Why Investors Should Watch the Tenure of Directors in Listed Chinese Companies
Investors considering A-share listed Chinese companies on the Chinese stock market would be wise to look at the tenure of a company’s board of directors before buying shares. A new research study co-authored by CEIBS Cathay Capital Chair in Accounting Professor Ding Yuan and Assistant Professor of Finance Zhang Hua shows that when independent directors at Chinese firms resign in the middle of their term or leave only after one term, it often signals trouble ahead. In addition, this performance decline is even more severe if firms are facing more uncertainty, such as financial distress, over leverage, or impending CEO turnover at the firm.
The study is one of the first to examine the relationship between the departure of independent directors and firm performance in an institutional environment such as China’s where, the majority of shares at most companies are controlled by only a few. China’s regulatory environment makes it a good research lab to study this relationship because all board seats are up for election every three years – unlike the US where a certain percentage of board seats are up for election every year.
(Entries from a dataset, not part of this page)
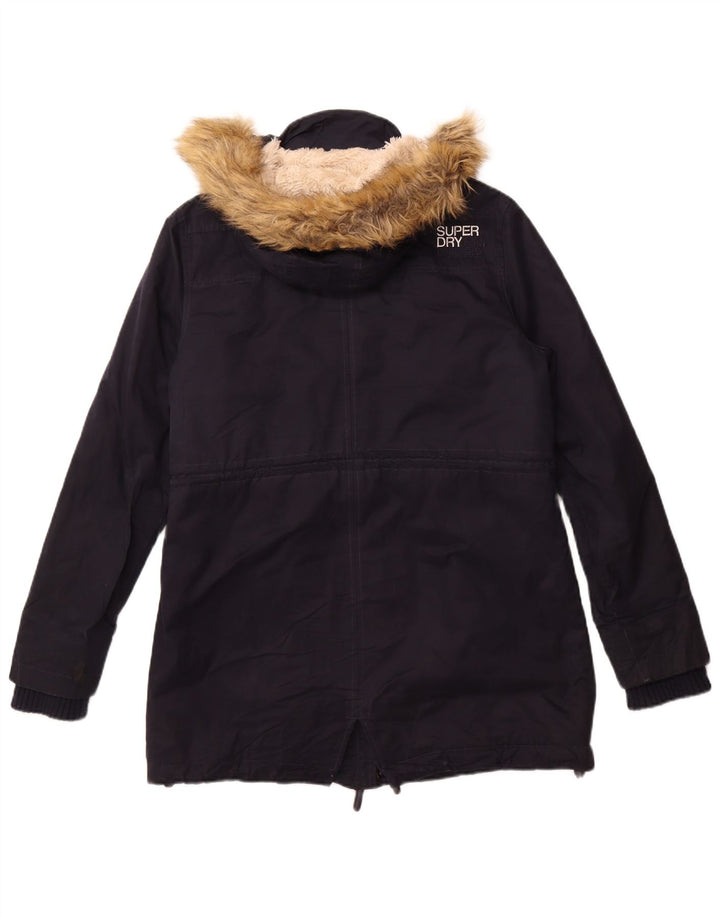 Superdry ženska jakna parka s kapuljačom UK 18 XL tamnoplavi poliester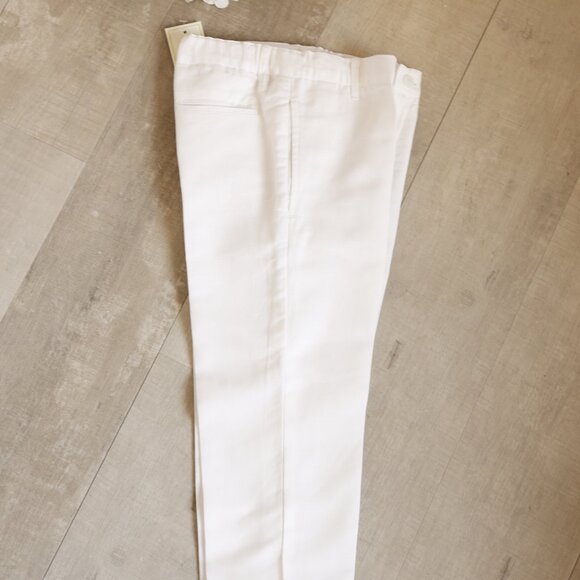 White Linen Pants Chino Fit Cotton Linen Adjustable Waist Size 4 RING BEARER NWT - Picture 6 of 8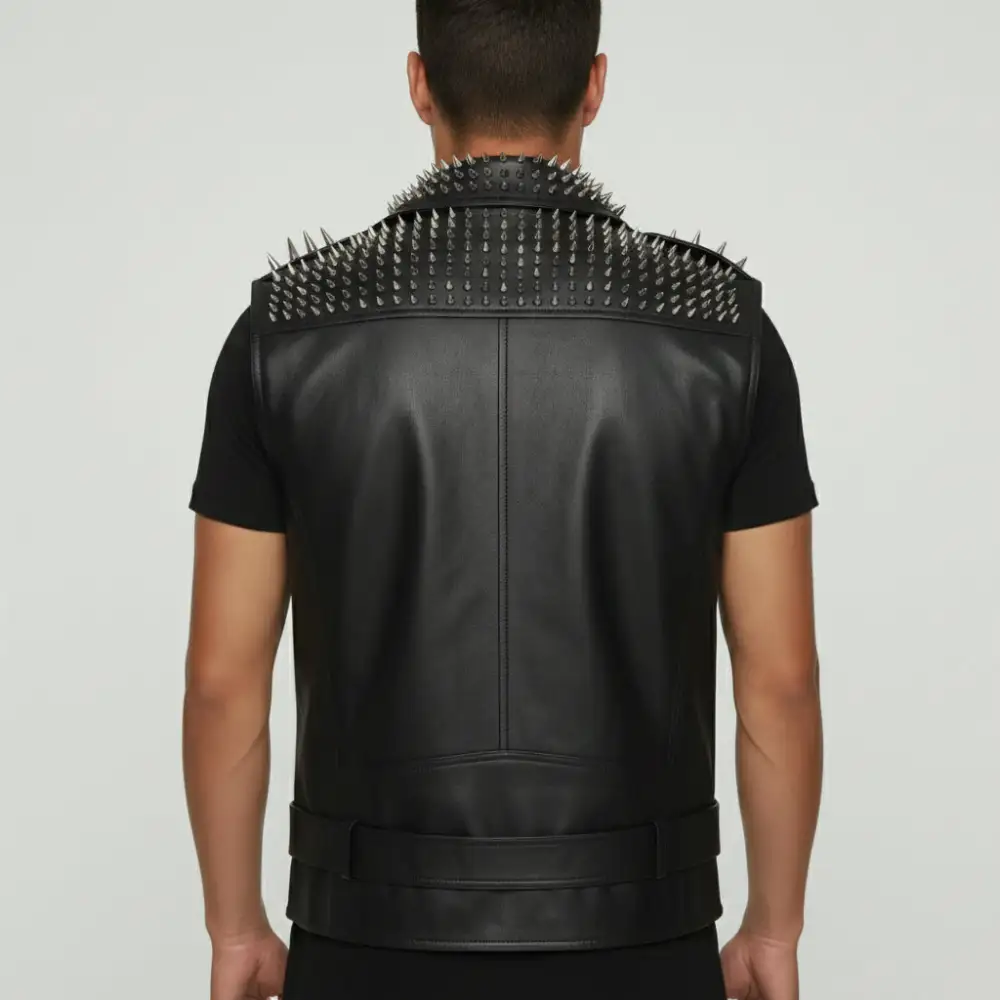Relaxed Leather Biker Motorcycle Studded Jacket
Another unique aspect of Chinese regulations is that an independent director can only serve in one listed company for a maximum of two three-year terms. This allows the researchers to see clearly when independent directors depart normally (after completing a total six years’ tenure) or abnormally (leaving some time before the six-year tenure has expired). The role of independent directors gives them preferential access to private information about the firm. If they have a sense that the firm is headed for financial difficulties, they know they face the likelihood of an increased workload, possible loss of reputation and even litigation risk. This makes them more likely to resign or leaver their directorship early, and the researchers found there was a statistically significant negative change in firm performance following such early departures by directors. The researchers also looked at data on subsequent firm performance when directors departed normally, after completing their six-year term. There was no negative change observed.
The results of the study appear in the paper titled “Jumping Off the Sinking Ship: Informativeness of the independent director departures in China’s listed companies”. Co-authoring the paper with Professors Ding Yuan and Zhang Hua are Anthea Yan Zhang of Rice University, who was recently a Visiting Professor at CEIBS, and Yongjian Shen of the School of Accounting, Nanjing University of Finance and Economics. The paper received the Best Paper Award from the European Institute for Advanced Studies in Management (EIASM) 11th Workshop on Corporate Governance.